SUPPLIED DATA »

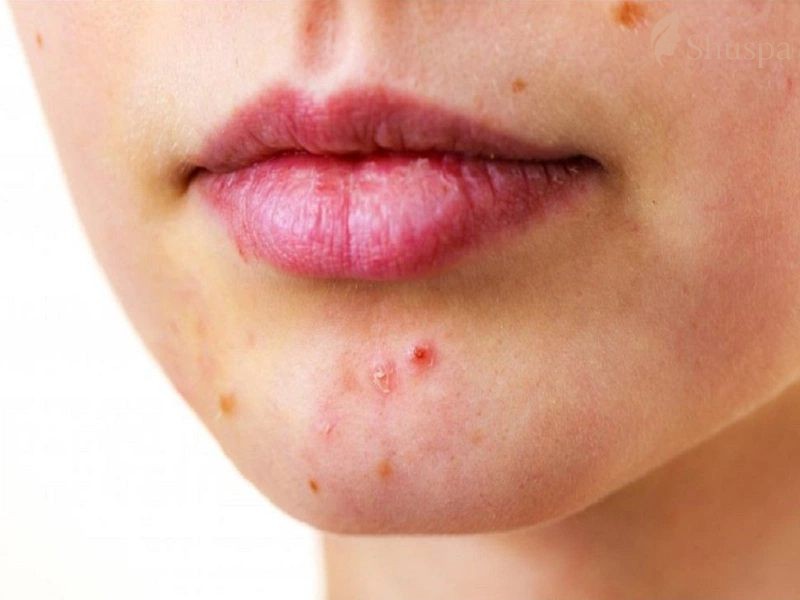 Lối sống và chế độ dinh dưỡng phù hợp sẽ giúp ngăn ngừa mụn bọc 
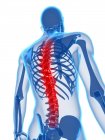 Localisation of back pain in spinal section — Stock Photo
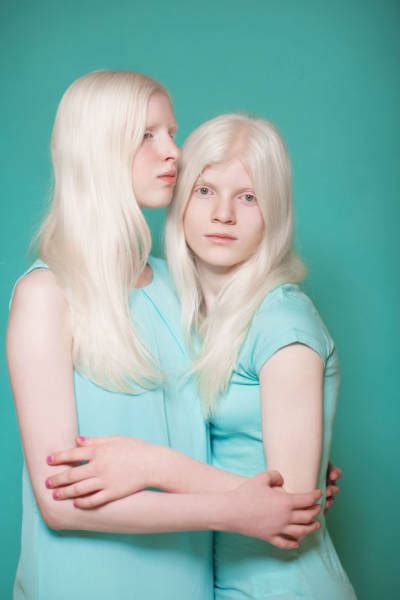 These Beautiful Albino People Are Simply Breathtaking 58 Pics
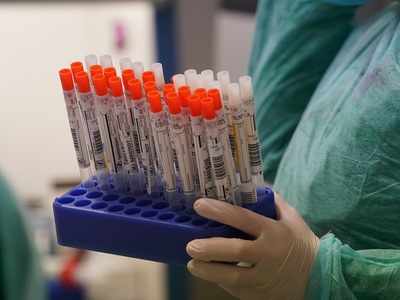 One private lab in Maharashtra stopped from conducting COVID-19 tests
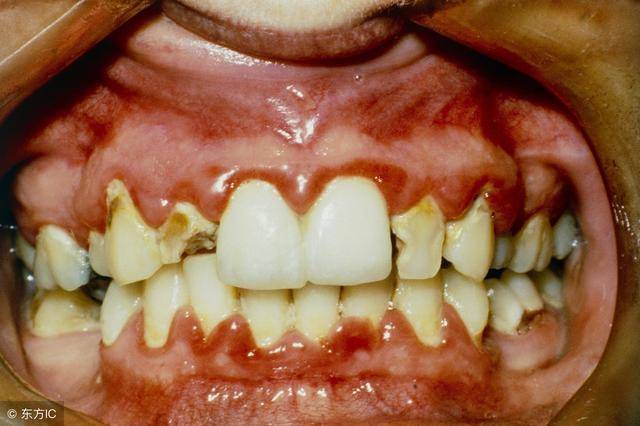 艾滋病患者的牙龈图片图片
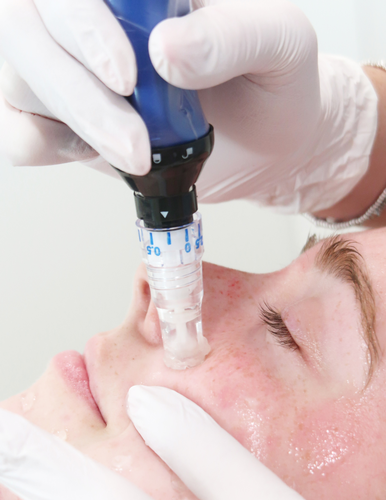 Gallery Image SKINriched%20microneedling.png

--

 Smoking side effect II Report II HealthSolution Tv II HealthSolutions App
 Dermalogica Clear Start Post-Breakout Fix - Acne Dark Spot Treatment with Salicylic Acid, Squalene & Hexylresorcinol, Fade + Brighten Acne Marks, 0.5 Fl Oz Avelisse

ASSIGNED TASK »
Output exactly those lines of the data above that run from the line with "Lối sống và" up to and including the line with "Gallery Image SKINriched%20microneedling.png". No pictures go in.

RESPONSE TO THE EXERCISE »
 Lối sống và chế độ dinh dưỡng phù hợp sẽ giúp ngăn ngừa mụn bọc 
 Localisation of back pain in spinal section — Stock Photo
 These Beautiful Albino People Are Simply Breathtaking 58 Pics
 One private lab in Maharashtra stopped from conducting COVID-19 tests
 艾滋病患者的牙龈图片图片
 Gallery Image SKINriched%20microneedling.png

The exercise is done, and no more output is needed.